Directions: Repeat exactly what runs from the line containing "La Guardia Civil" through the last line of the material below. Do not copy the pictures.

===== Task inputs =====

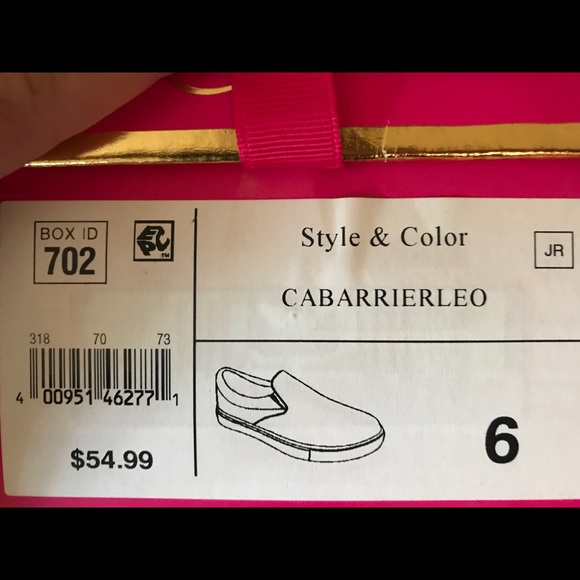 💮 SOLD 💮 Candie’s Leopard Print Slip-On Sneakers - Picture 4 of 4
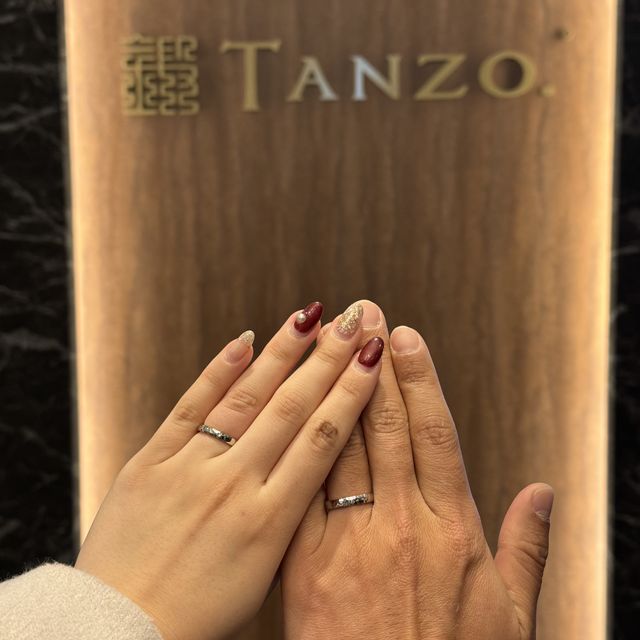 【TANZO.(鍛造指輪)の口コミ】 鍛造作りで、継ぎ目のないデザインがいいと思います。デザインもオーダー…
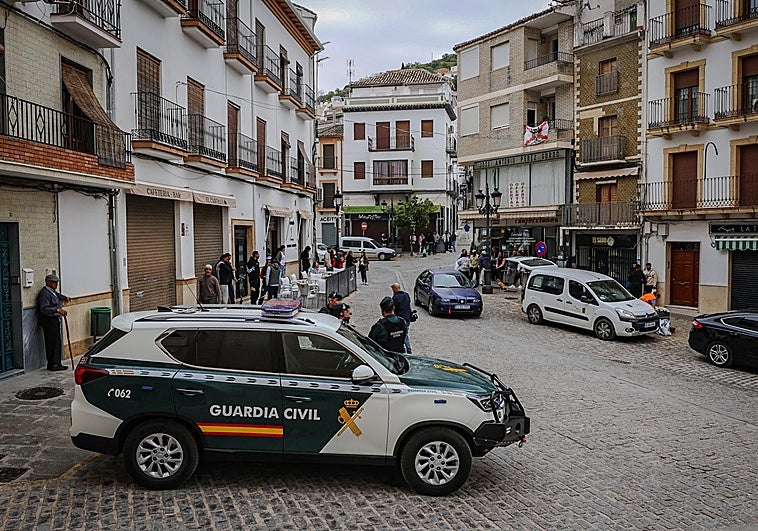 La Guardia Civil blinda Montefrío tras la agresión del hacha y el ataque a una frutería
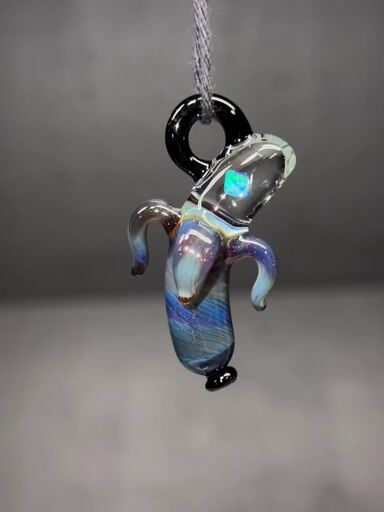 Preview pic of Andromeda/Opal banana pendant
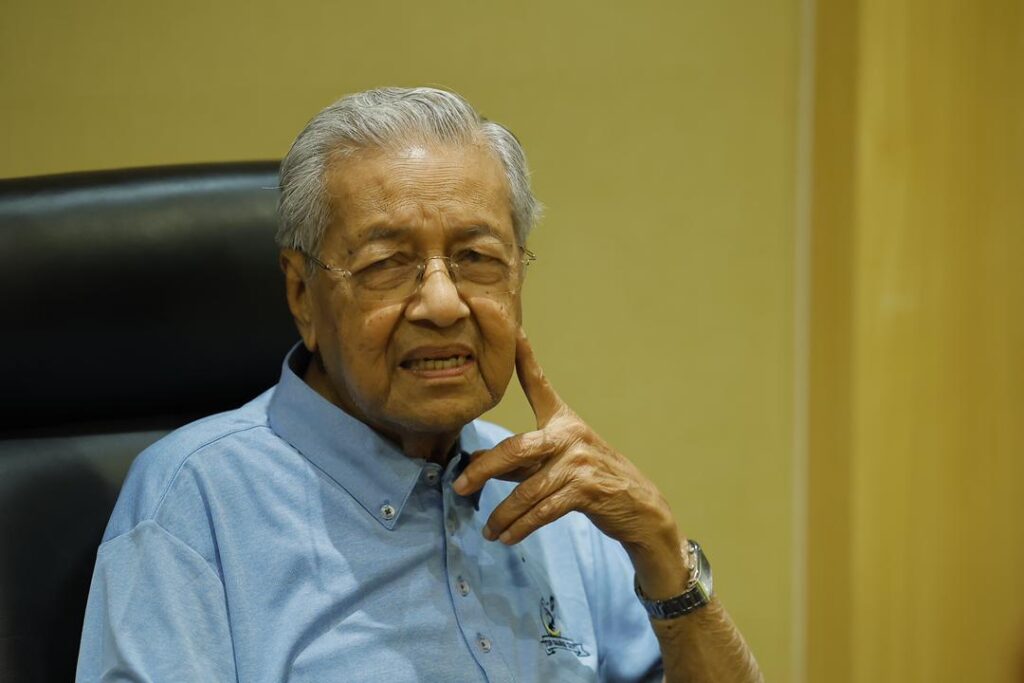 Saya tidak boleh dipersalahkan - Tun M 2 tun salah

=====

Answer space:
 La Guardia Civil blinda Montefrío tras la agresión del hacha y el ataque a una frutería
 Preview pic of Andromeda/Opal banana pendant
 Saya tidak boleh dipersalahkan - Tun M 2 tun salah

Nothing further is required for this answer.